Just wondering why SVS are no longer selling this, perhaps it didn't prove economically viable. Anyone from SVS around to let us know? I was hoping to maybe get hold of one if I ended up with a pre/pro without Audyssey built in.


----------



## raynist (Aug 16, 2011)

Ed told me it is because there are now receivers with Audyssey XT32 that do the exact same thing. These receivers are about 2k though. I ended up buying a sms-1 for one room and will try using REW and a Beringher 1124 for my gameroom.


----------



## Moonfly (Aug 1, 2008)

Yeah I was looking into this elsewhere and that seems to be the general consensus. Perhaps the future is in combining the EQ-1 technology with the DSP amps, and offering all subs as an auto eq variant or not. A sub with ASEQ-1 technology built in is cheaper than a shiny new SVS sub, then having to spend on a 2k receiver. Offering an ASEQ model and non ASEQ model would allow people to choose the best sub for them based upon what Audyssey tech they already do or dont have. It would also allow people without Audyssey in their system to include it in addition to what they already have without needing an additional piece of kit on the rack, which would be very cool. 
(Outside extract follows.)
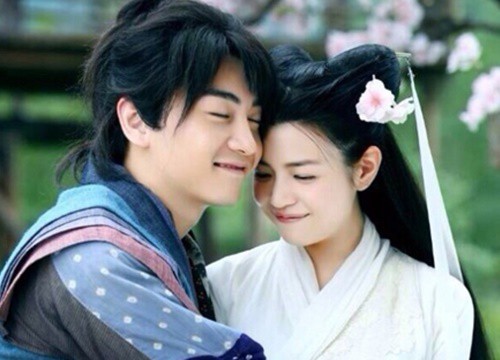 Nàng "Cô Cô" sợ mất chồng nhất showbiz là đây: Đuổi cổ hết nhân viên giống bạn gái cũ, ám ảnh suốt 24 tiếng thì còn gì sự nghiệp?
Its a shame SVS dont sell plate amps, the DIY community would lap them up, and especially so if you could buy one with Audyssey on board as well. Sure they wouldnt be cheap, but they would probably be cheaper than the alternatives.


----------



## GranteedEV (Aug 8, 2010)

raynist said:


> Ed told me it is because there are now receivers with Audyssey XT32 that do the exact same thing.


The Global EQ thing, yes, but I think we could use a device that properly sets up to five subwoofers' phase/delay/level, especially in asymmetrical room/placements. A multiple-subwoofer management device. The denon 4311 for example, only has two discrete sub outs. A marantz SR7005 only has one discrete sub out. None of the options have four+.. perhaps removing the audyssey EQ part and focusing on automatic ::multiple:: subwoofer integration could really fill a niche...


----------



## Kal Rubinson (Aug 3, 2006)

GranteedEV said:


> The Global EQ thing, yes, but I think we could use a device that properly sets up to five subwoofers' phase/delay/level, especially in asymmetrical room/placements. A multiple-subwoofer management device. The denon 4311 for example, only has two discrete sub outs. A marantz SR7005 only has one discrete sub out. None of the options have four+.. perhaps removing the audyssey EQ part and focusing on automatic ::multiple:: subwoofer integration could really fill a niche...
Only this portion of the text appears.